Ese diálogo descansaba sobre la premisa de que la vanguardia
era una apuesta por el escape o la fragmentación de la racionalidad estética
que sustentaba la cultura cubana tradicional. García Vega encontraría lo peor
de esta última en lo que llamaba la “opereta cubana”, una mezcla de racismo
sublime y espurio aristocratismo, personificada en Julián del Casal y buena
parte del postmodernismo cubano. Lo curioso es que esa interlocución, que en
ambos, García Vega y Kozer, inclinaba hacia la ruptura con lo que hemos llamado
“la escuela de Casal” y la reinvención de un Martí vanguardista, produjo dos
escrituras de la memoria radicalmente distintas.
A
diferencia de García Vega, Kozer no estaba interesado en el ajuste de cuentas
con el catolicismo origenista o en la sintonía de éste último con el discurso
legitimante de la Revolución Cubana. Lo decisivo para Kozer era –y es- la
fabricación de una cápsula personal de memoria, asociada a su experiencia
dentro de una familia judía habanera que no parte al exilio luego de 1959 sino
que retoma el camino de la diáspora, constitutivo de su comunidad, luego del
giro hacia el comunismo del gobierno revolucionario. El proyecto poético de
Kozer, a pesar de construirse desde el exilio, abre, por la vía de la memoria,
zonas de contacto con poéticas armadas en la Habana postsoviética como las de
Reina María Rodríguez o Soleida Ríos.
En
Kozer, el dilema entre nacionalismo y cosmopolitismo que ha marcado a la
literatura cubana, como a cualquier otra literatura latinoamericana en el
último siglo, alcanza un estatuto discernible, por su carácter expansivo y
global. La poesía de Kozer gravita hacia todos los puntos cardinales del
imaginario cultural –orientalismo y vanguardia norteamericana, América Latina y
tradición hebrea, Siglo de Oro y Generación del 27, neobarroco y
coloquialismo-, estableciéndose como un dispositivo lírico del arte de la lectura.

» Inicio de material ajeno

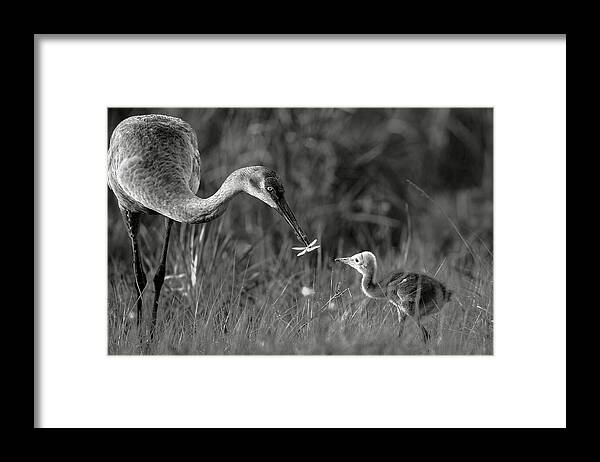 Todays lesson - Framed Print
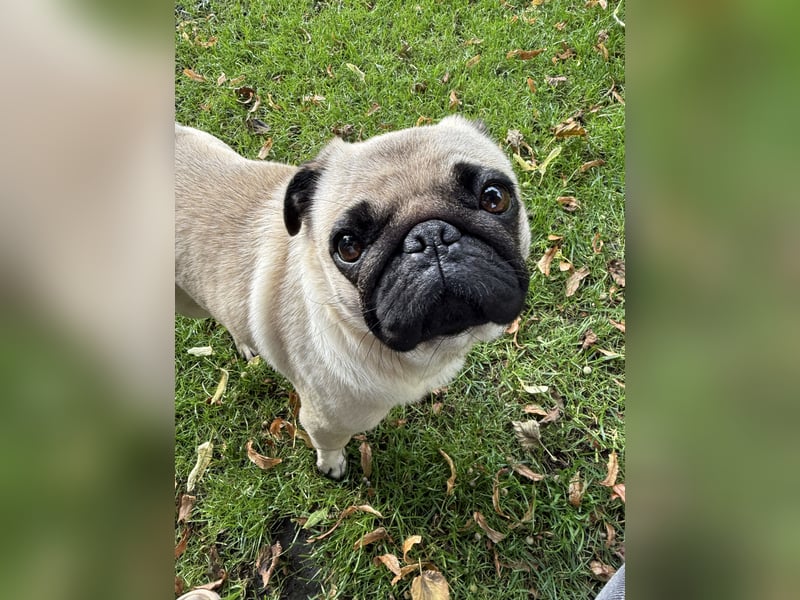 Mops-Hündin sucht neues Zuhause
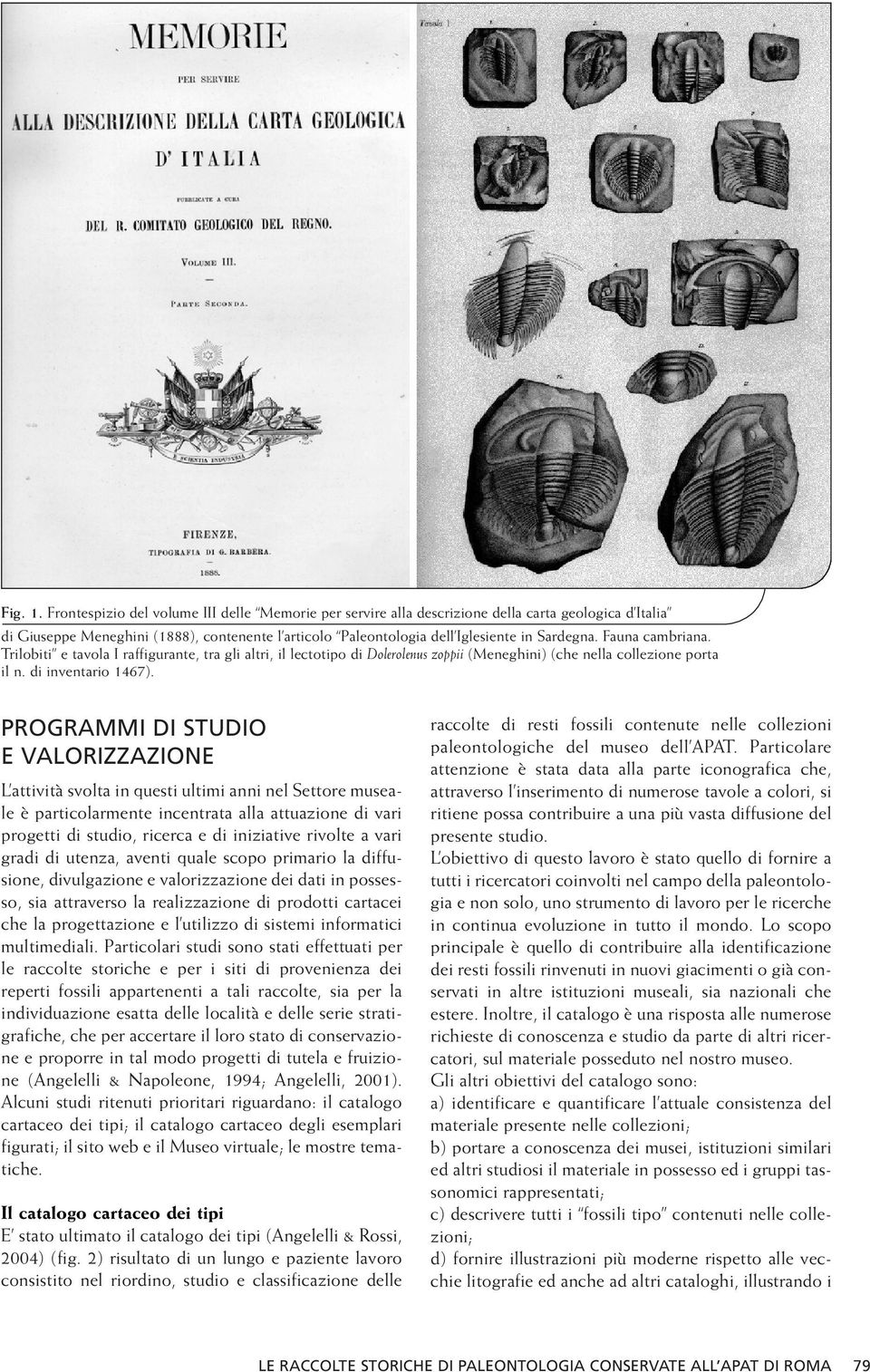 Fauna cambriana. Trilobiti e tavola I raffigurante, tra gli altri, il lectotipo di Dolerolenus zoppii (Meneghini) (che nella collezione porta il n. di inventario 1467).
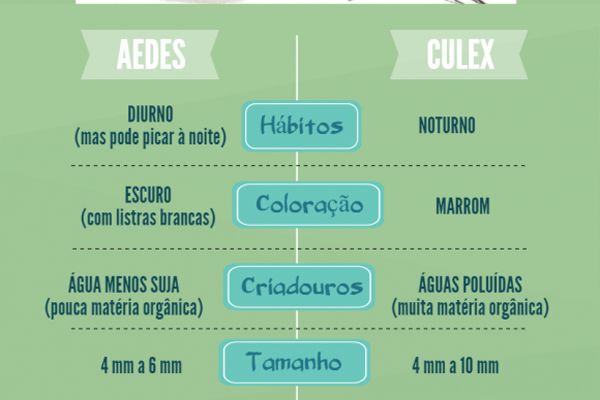 Pernilongo comum não transmite vírus Zika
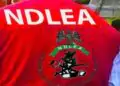 NDLEA Arrests 101-Year-Old Great Grandma, Intercepts Cocaine In Fufu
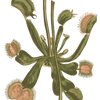 carnivorousplants avatar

En la poesía lectora de Kozer observamos una de las más elocuentes apuestas por
un exilio de vanguardia en la literatura cubana contemporánea.
Historiar
una vanguardia implica, siempre, certificar su desaparición o el paso de su
momento. Sobre todo, si el relato de esa vanguardia es escrito luego de la
devastadora crítica al vanguardismo que ha propiciado la cultura postmoderna. El
lugar de esa vanguardia, sin embargo, en la historia de la literatura cubana,
sigue estando a debate. Su recepción, en las últimas décadas, si bien limitada
o incómoda, da cuerpo a algunas de las poéticas mejor armadas de la literatura
cubana contemporánea, en la isla o en la diáspora. Este libro quisiera ser, al
menos, una constatación de ese legado.